5242 Practice Final

5242 PRACTICE FINAL

Spring 2000

Information Systems and Quantitative Sciences, College of Business. Texas Tech University, Page 1

This exam consists of multiple choice questions and two exercises. The multiple-choice questions are worth 70% of the exam grade. Place your answers on the accompanying computerized answer sheet. Be certain to record your name on this exam as well as on the answer sheet.

1. Integer programming models are used to characterize

knapsack loading problems.
fixed charge problems
capital budgeting problems
all of these.
a and c only

2. Compared with standard linear programming algorithms, those for treating integer linear programming problems usually are:

less complex, due to fewer possible solutions
less amenable to “what if” and sensitivity analysis
always heuristic
easier to formulate, simplier

3. When imposing integer variables to an otherwise standard linear programming problem,

rounding down a non-integer solution will always give a feasible solution to the integer model
round up a non-integer solution will always give an infeasible solution to the integer model
round off a non-integer solution will always give an optimal solution to the integer model
none of these

4. The optimal value of the objective function to a standard linear programming model with a maximization objective is 675. If integer restrictions are now imposed on the decision variables, one can be sure that the optimal value of

objective function to the integer model will:

be greater than 675
equal 675
not exceed 675
not be less than 675

LINEAR PROGRAMMING

Use the following output for questions 5 through 10

min 4x1+5x2+6x3

S.T.

1) x1+x2+x3<85

2) 3x1+4x2+2x3>280

3) 2x1+4x2+4x3>320

Obj.
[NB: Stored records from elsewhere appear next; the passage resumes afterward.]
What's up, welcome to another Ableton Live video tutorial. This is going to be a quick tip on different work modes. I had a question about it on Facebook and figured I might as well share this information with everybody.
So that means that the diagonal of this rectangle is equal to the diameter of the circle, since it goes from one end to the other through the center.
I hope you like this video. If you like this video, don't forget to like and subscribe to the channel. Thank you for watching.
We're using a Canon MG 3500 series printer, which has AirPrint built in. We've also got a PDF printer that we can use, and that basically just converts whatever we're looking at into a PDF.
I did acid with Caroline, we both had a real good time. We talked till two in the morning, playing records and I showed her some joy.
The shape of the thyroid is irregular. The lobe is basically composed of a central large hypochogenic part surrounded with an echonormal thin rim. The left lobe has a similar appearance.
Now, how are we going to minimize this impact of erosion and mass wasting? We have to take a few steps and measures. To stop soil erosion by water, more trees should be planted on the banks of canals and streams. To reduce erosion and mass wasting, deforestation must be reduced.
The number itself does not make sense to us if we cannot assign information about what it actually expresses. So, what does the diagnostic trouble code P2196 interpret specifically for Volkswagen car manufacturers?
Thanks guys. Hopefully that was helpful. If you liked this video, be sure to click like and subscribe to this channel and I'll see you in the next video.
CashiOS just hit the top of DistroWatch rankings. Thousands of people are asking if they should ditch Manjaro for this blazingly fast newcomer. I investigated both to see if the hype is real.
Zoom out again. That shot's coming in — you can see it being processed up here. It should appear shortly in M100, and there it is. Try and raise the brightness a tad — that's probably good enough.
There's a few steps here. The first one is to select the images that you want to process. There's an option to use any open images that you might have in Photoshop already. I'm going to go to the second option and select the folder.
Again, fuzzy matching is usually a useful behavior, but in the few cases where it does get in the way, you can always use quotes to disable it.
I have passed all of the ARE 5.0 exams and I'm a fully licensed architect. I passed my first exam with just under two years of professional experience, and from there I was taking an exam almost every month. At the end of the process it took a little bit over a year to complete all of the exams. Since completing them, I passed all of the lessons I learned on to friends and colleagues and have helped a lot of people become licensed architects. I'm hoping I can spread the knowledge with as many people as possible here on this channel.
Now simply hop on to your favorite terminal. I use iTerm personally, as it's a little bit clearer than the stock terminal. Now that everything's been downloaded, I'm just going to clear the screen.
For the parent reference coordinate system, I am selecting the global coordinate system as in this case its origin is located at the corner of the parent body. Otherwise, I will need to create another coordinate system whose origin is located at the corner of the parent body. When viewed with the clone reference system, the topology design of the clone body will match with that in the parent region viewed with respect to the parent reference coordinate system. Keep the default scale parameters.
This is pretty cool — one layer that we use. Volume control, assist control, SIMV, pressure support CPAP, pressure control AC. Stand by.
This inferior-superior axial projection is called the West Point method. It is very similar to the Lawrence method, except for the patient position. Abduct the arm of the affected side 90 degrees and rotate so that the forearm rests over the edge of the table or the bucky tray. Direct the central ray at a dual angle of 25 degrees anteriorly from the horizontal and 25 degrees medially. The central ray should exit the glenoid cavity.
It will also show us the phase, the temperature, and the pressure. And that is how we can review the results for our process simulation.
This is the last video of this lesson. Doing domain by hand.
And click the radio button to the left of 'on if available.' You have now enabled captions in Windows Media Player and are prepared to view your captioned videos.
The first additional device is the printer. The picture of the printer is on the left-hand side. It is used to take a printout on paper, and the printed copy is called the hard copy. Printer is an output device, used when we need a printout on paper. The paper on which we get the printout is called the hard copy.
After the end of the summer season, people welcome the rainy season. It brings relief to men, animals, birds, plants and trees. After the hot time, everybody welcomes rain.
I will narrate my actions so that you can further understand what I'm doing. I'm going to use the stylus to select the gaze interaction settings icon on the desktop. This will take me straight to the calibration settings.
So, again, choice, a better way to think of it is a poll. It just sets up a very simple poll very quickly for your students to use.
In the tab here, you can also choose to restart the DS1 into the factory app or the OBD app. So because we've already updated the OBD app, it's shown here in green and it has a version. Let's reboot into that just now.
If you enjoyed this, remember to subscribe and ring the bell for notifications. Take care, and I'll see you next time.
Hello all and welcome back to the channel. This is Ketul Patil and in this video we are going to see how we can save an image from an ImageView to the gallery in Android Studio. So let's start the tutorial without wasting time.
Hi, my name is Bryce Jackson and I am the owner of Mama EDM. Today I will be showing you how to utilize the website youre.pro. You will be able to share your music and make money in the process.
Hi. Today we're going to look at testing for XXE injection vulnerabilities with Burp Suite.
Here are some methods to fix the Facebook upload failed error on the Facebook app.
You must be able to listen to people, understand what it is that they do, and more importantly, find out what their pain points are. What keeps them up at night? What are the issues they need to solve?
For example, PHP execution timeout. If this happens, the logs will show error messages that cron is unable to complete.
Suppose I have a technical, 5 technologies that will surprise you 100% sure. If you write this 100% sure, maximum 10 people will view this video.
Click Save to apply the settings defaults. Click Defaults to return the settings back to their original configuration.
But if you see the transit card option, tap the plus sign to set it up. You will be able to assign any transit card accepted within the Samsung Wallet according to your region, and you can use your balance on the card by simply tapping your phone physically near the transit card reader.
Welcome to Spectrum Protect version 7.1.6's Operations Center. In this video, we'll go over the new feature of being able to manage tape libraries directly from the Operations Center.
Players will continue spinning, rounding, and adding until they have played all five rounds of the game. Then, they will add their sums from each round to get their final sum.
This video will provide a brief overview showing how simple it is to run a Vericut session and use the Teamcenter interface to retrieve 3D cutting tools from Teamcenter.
Function Value = 400.000000

Variable Value Reduced Costs

------

X1 0.000000 1.500000

X2 0.000000 3.000000

X3 80.000000 0.000000

Constraint Slack/Surplus Shadow Prices

------

1 5.000000 0.000000

2 0.000000 1.250000

3 40.000000 0.000000

OBJECTIVE COEFFICIENT RANGES

Variable Lower Current Upper

Limit Value Limit

X1 2.500000 4.000000 No Limit

X2 2.000000 5.000000 10.00000

X3 5.000000 6.000000 No Limit

RIGHT HAND SIDE RANGES

Constraint Lower Current Upper

Limit ValueLimit

------

1 80.000000 85.000000 No Limit

2 No Limit 280.000000 320.000000

3 280.000000 320.000000 360.000000

5. What variables make up the non-basis?

X1, X2, X3
S1, S2, S3
X2, S2, X3
X1, X2, S2
X2, S1, S2

6. Which constraints are non-binding?

1, 2, 3
2, 3
3 only
1 and 3
1 and 2

7. If the obj. fcn. coefficient associated with X3 were reduced from 6 to 5.02 what would happen?

Nothing.
Basis change: X3 would enter the basis.
Basis change: X3 would exit the basis.
The obj. function value would increase.
The obj. function value would decrease.

8. Which of the following statements is NOT true?

a. A feasible solution satisfies all constraints.

b. An optimal solution satisfies all constraints.

c. An infeasible solution violates all constraints.

d. A feasible solution point does not have to lie on the boundary of the feasible region.

9. If the RHS associated with constraint 2 were increased from its present value of 280 to 300 what would happen?

Nothing
Basis change
No basis change, but basis variable values would change
No basis change, but obj. fcn value at optimality would change

e. both c and d above

10. If the obj. function coefficient of X1 were reduced from its current value of 4 to 2

a. Nothing.

b. Basis change: X1 would enter the basis

c. Basis change: X1 would exit the basis

d. The obj function value would increase.

11. An over-constrained linear programming problem results in what type of solution?

a. Unbounded.

b. Degenerate

c. Infeasible.

d. Sub-optimal

12. A marketing research application uses the variable HD to represent the number of homeowners interviewed during the day. The objective function minimizes the cost of interviewing this and other categories and there is a constraint that HD >= 100. The solution indicates that interviewing another homeowner during the day will increase costs by 10.00. What do you know?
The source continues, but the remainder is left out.